Overview

We use Neural Style Transfer which renders specific content from an input image in a certain artistic style. This algorithm takes in a content image, style image, and another input image. The input image is optimized to match the previous two target images in content and style distance space. We experiment with randomizing noise and optimizing in content space, then style space, then both to perform neural style transfer. Depending on

Part 1: Content Reconstruction

Content Reconstruction from content image clone

When the input image is the content image, the content loss remains at 0, which is expected because the output is already optimal. Thus, the conv_layer at which the content loss is inserted doesn't matter, and the below two outputs are the same.

Content loss applied at conv 2

Content loss applied at conv 11

Content Reconstruction from Random Noise: Applying at Different Layers

Parameters: [content_weight=10, num_steps= 300]
We note that optimizing content loss in earlier layers enables the model output to retain a more accurate/sharper reconstruction. However, at later layers we observe a few artifacts in the resulting output. This is because as the model performs operation like maxpooling, fine details are lost, so the reconstructions are grainier.

Content loss applied at conv 4

Content loss applied at conv 5

Content loss applied at conv 7

Two Inputs from Noise

Content Image: Dancing
Parameters: [applied at conv5, content_weight=10, num_steps=300]
Original:

Output A:

Output B:

The sythesized contents is the same between the two images. However, the synthesized images have a green-ish tint, and do not have as much contrast as the original image. This might be because the "style" isn't being enforced. so as long as the content (the dancer) is preserved the loss will be low.

Part 2: Texture Synthesis

Texture Synthesis at Different Layers

We now optimize with respect to style loss only, to generate the style of the style image.

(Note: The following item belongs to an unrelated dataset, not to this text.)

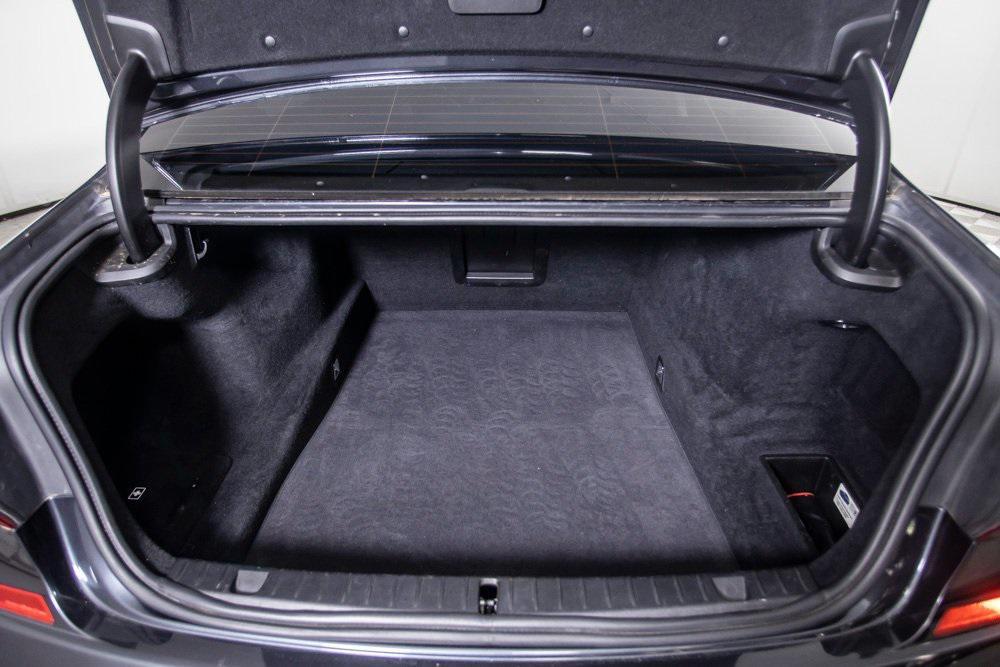 used 2017 BMW 740 car, priced at $24,500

Parameters used: [style_weight = 500k, num_steps = 300]
Applied to conv 1 through 5:

Applied to conv 4 through 8:

Applied to conv 7 through 11:

We note that optimizing style loss in layer layers creates a denser, grainier reconstruction, where optimizing in earlier layers yields "larger" patterns. However, in both cases the general color spectrum of the original image is preserved.

Two Inputs from Noise

Style Image: Picasso Parameters: [style_weights: 500K , content_weight: 1, num_steps:300]
Synthesizing from two different noise initializations yields two very similar outputs with the same texture/color scheme as the original Picasso input, but it does not capture the figure represented in the original image. This makes sense since we're only optimizing with respect to style, so the content does not need to be preserved.
Original Image:

Output A:

Output B:

Part 3: Style Transfer

Implementation Details

For style transfer, we must optimize with respect to style loss and content loss. For the model, we inject style/content loss layers after certain conv layers in VGG-19. Then, we add both losses to create a total loss which we backpropagate. We call optimizer.step(), which uses a L-BFGS optimizer that approximates the second derivative (Hessian) for optimization. The style and content weights can be adjusted accordingly depending on how intensely we want to either transfer the style, or retain the original input image content.

2x2 Grid of Results

Style Image 1: Frida Kahlo
Style Image 2: Starry Night
Content Image 1: Wally
Content Image 2: Dancing
Parameters: [style_weights: 100K , content_weight: 1, num_steps:300]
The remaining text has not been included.